▼▼▼

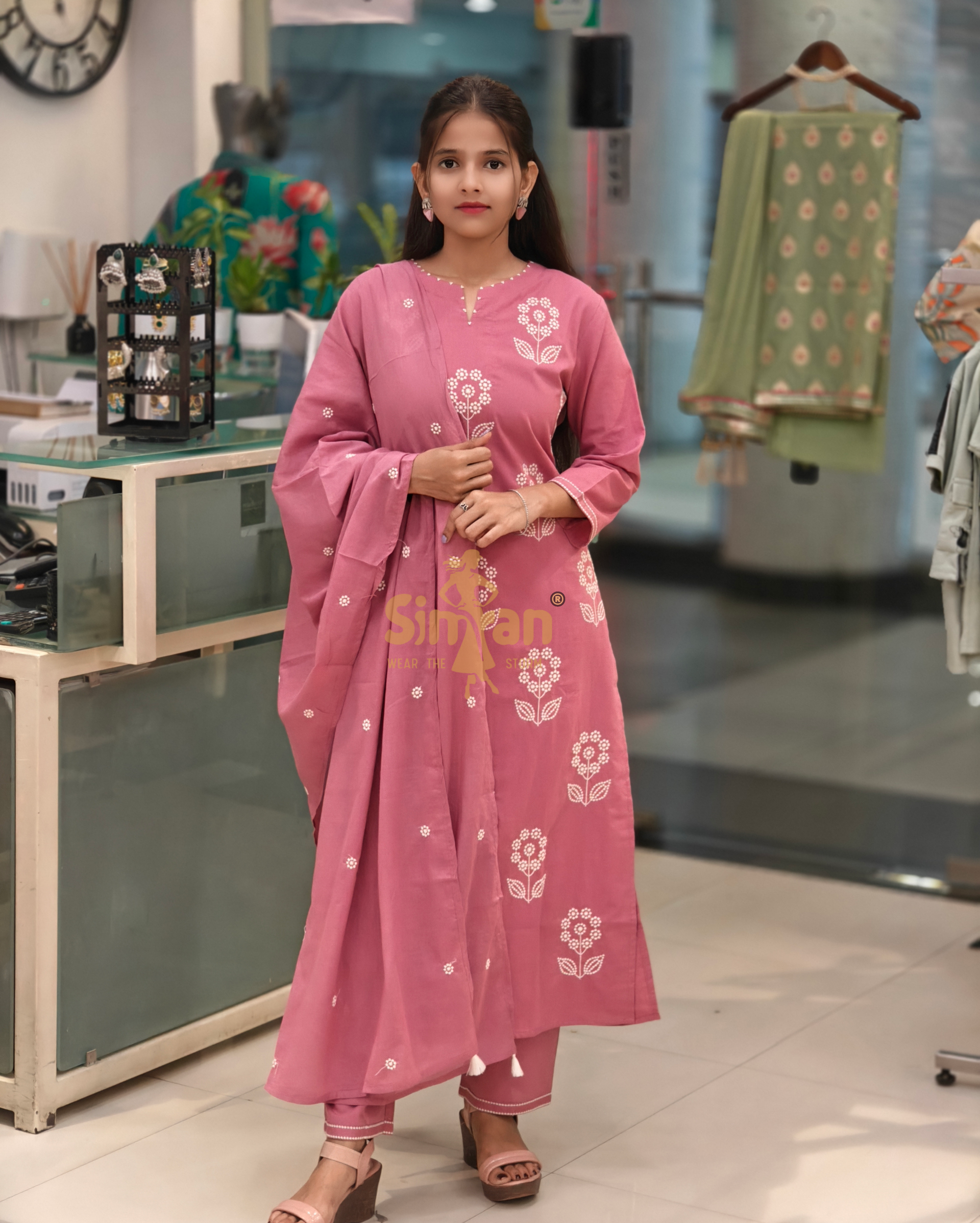 Pure Cotton Kurti Pant Dupatta Set – Elegant Everyday Comfort 013951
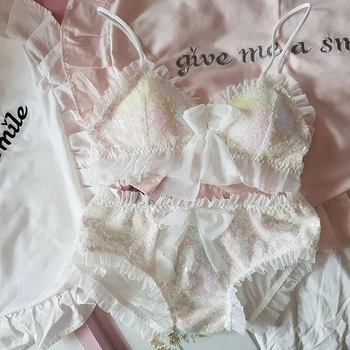 

Dreamy Teenage heart Romantic Mermaid Princess Sequin Bra & Panties Set Nets yarn Ruffle Young Girl Intimates Set Preppy Style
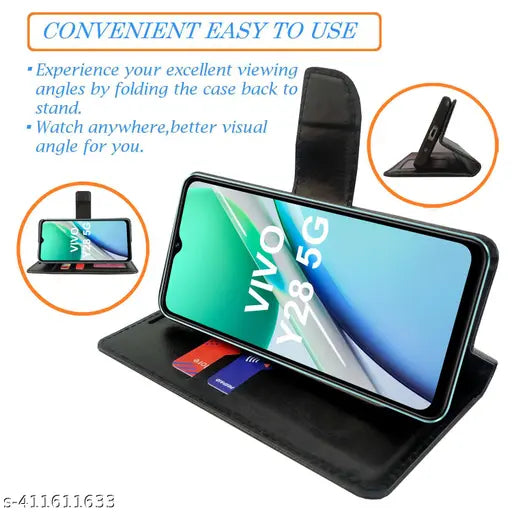 Orange Pattern Flip Cover for Vivo Y28 5G | Leather Finish|Shock Proof|Magnetic Clouser Compatible with Vivo Y28 5G (Orange)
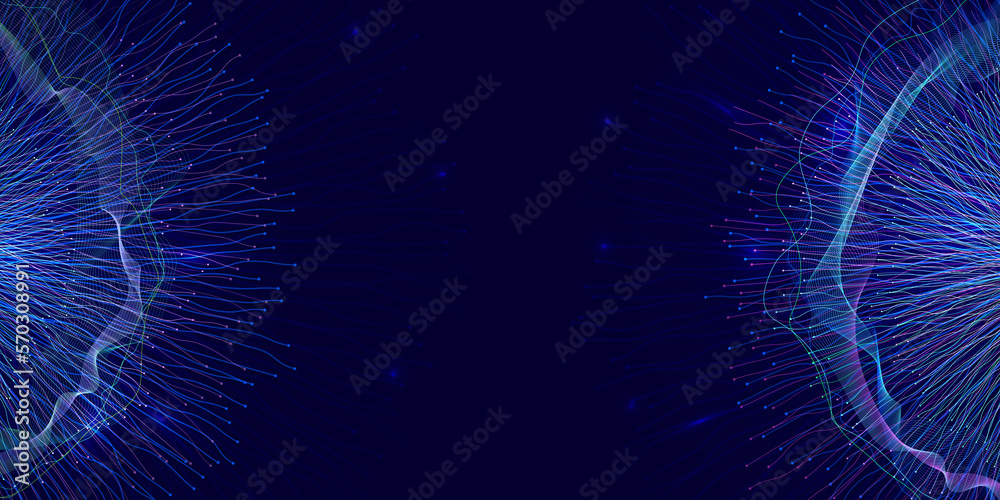 Aufkleber digital neural network. abstract image of neural connections on blue background. technological backg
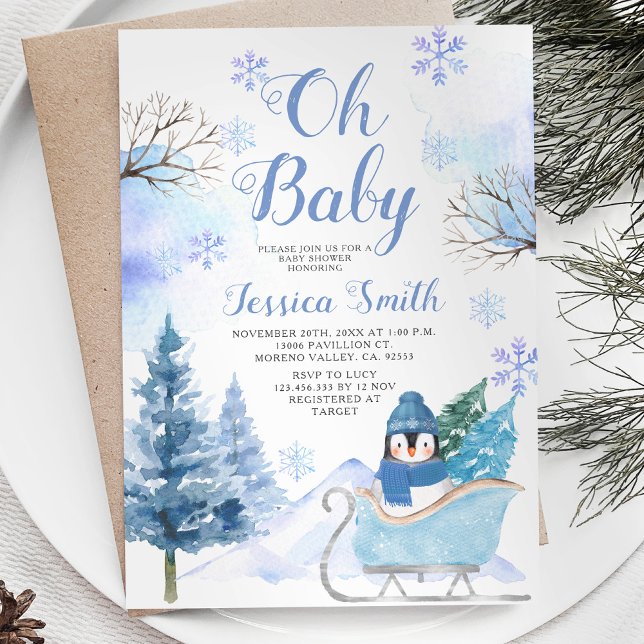 Winter Penguin Arctic Animal Mountain Baby Shower Invitation (Creator Uploaded)
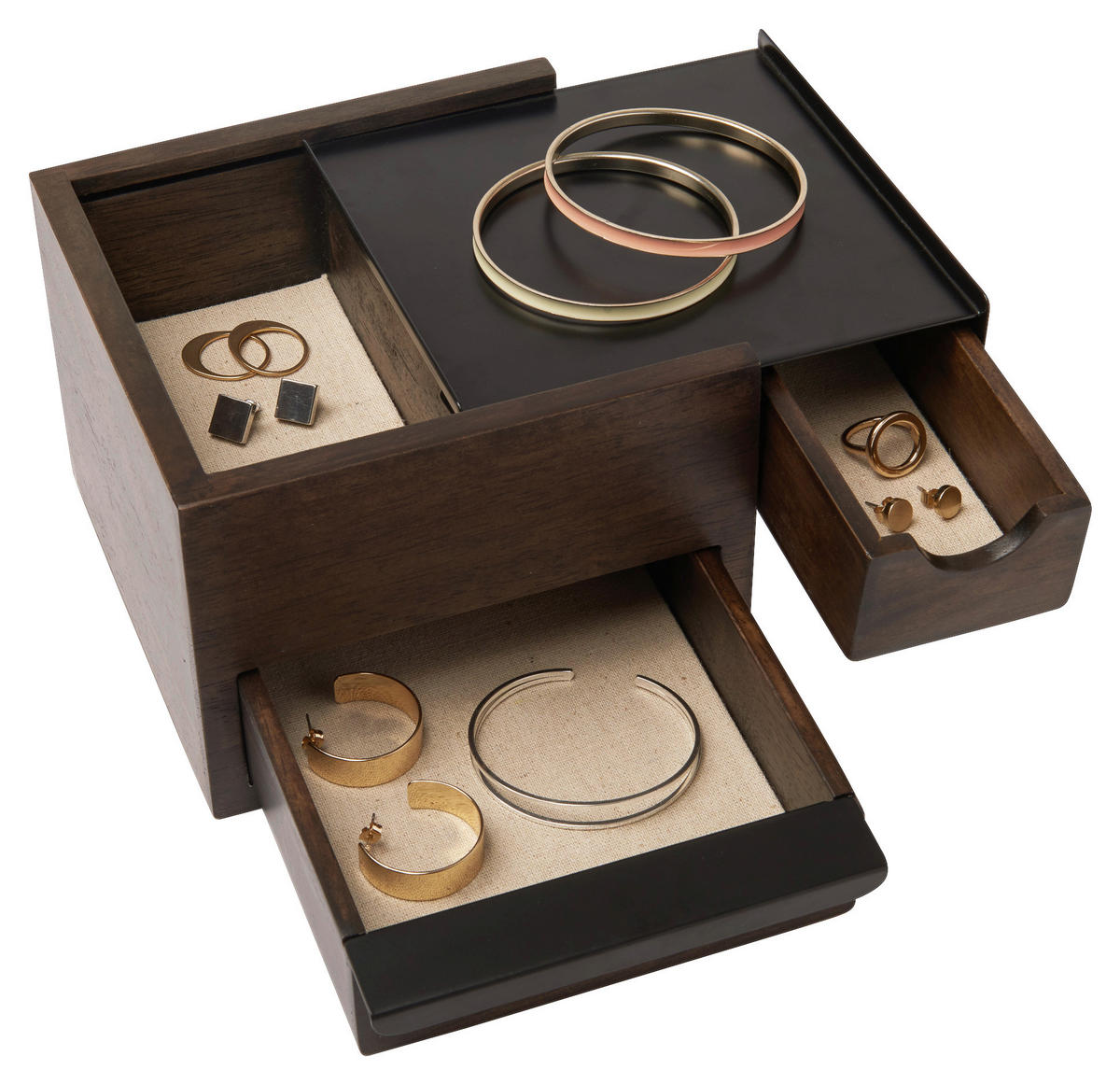 SCHMUCKBOX - Walnussfarben/Schwarz, Design, Holz/Metall (17/11,2/15,2cm) - Umbra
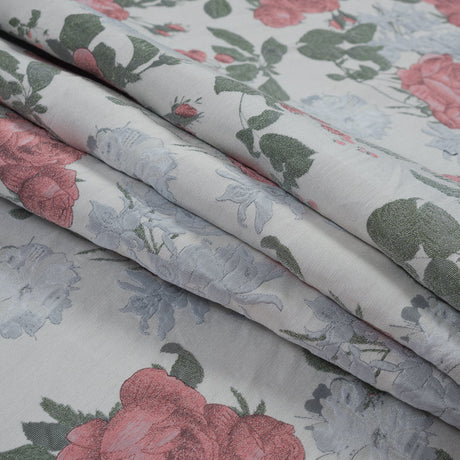 White, Pink and Green Floral Jacquard
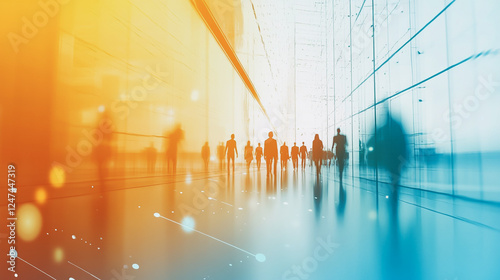 Wallpaper Mural Group of business people silhouettes in modern office building and business network concept. Human resources with pastel innovation charts and graphs with statistics to analyze business	 Torontodigital.ca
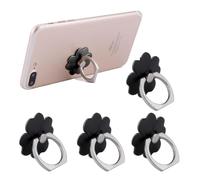 RAMGLYO Pack of 4 Mobile Phone Ring Holders with Stand, Mobile Phone Flowers Finger Ring Grips, 360° Rotation, Universal Accessories, Compatible with Smartphones, Mobile Phone Cases (Black)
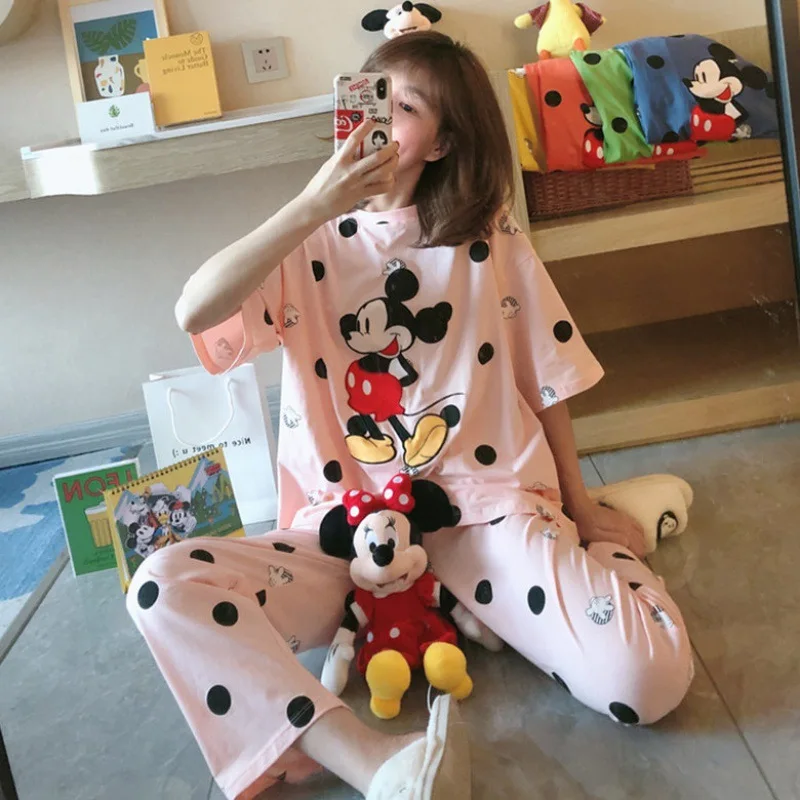 Milk Silk Mickey Mouse Pajamas Women Short Sleeve Tshirt Trousers Disney Cartoon Ladies Loose Home Service Suit Summer 2021
Milk Silk Mickey Mouse Pajamas Women Short Sleeve Tshirt Trousers Disney Cartoon Ladies Loose Home Service Suit Summer 2021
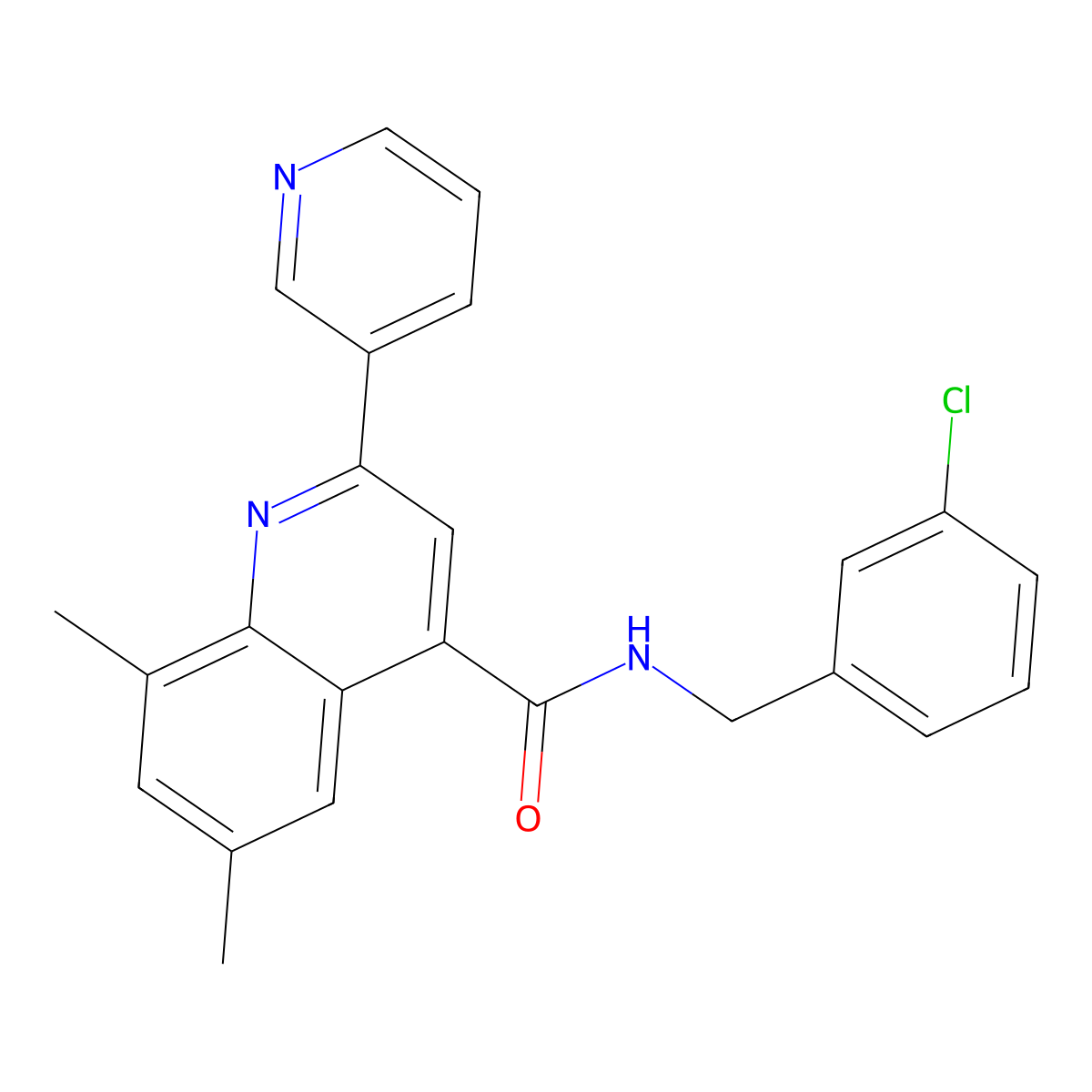 N-[(3-chlorophenyl)methyl]-6,8-dimethyl-2-pyridin-3-ylquinoline-4-carboxamide molecular structure, CAS 727386-62-1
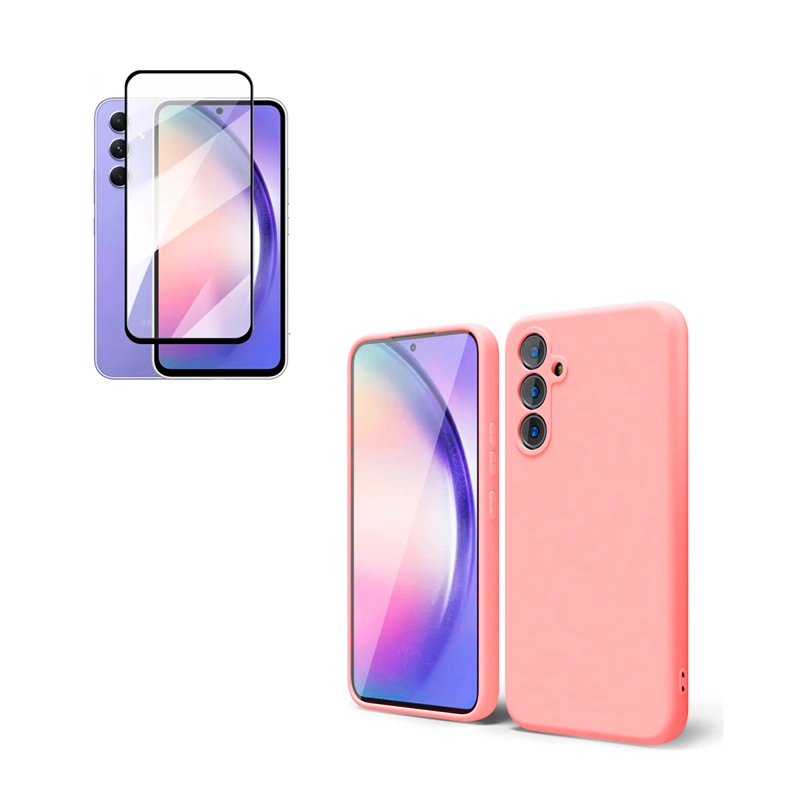 JOIGO CARCASA JOIGO SAMSUNG A24 + LÁMINA VIDRIO TEMPLADO ROSADO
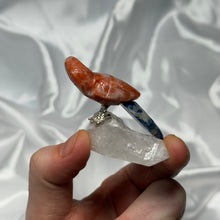 Load image into Gallery viewer, Orange Calcite and Sodalite Bird Carving on Quartz
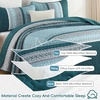 image:imageCottolester Queen Quilt Bedding SetTaupe Grey Patchwork Striped Bedspread Coverlet Set Queen3 Pieces Soft Lightweight Boho Quilt Set for All Season 96x90Teal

▲▲▲

WHAT THE TASK REQUIRES: Repeat only the lines from the line with "JOIGO CARCASA JOIGO" to the end of the entries, including both the first and the last line, and drop every picture.

RESULT OF THIS TASK:
 JOIGO CARCASA JOIGO SAMSUNG A24 + LÁMINA VIDRIO TEMPLADO ROSADO
 Load image into Gallery viewer, Orange Calcite and Sodalite Bird Carving on Quartz
 image:imageCottolester Queen Quilt Bedding SetTaupe Grey Patchwork Striped Bedspread Coverlet Set Queen3 Pieces Soft Lightweight Boho Quilt Set for All Season 96x90Teal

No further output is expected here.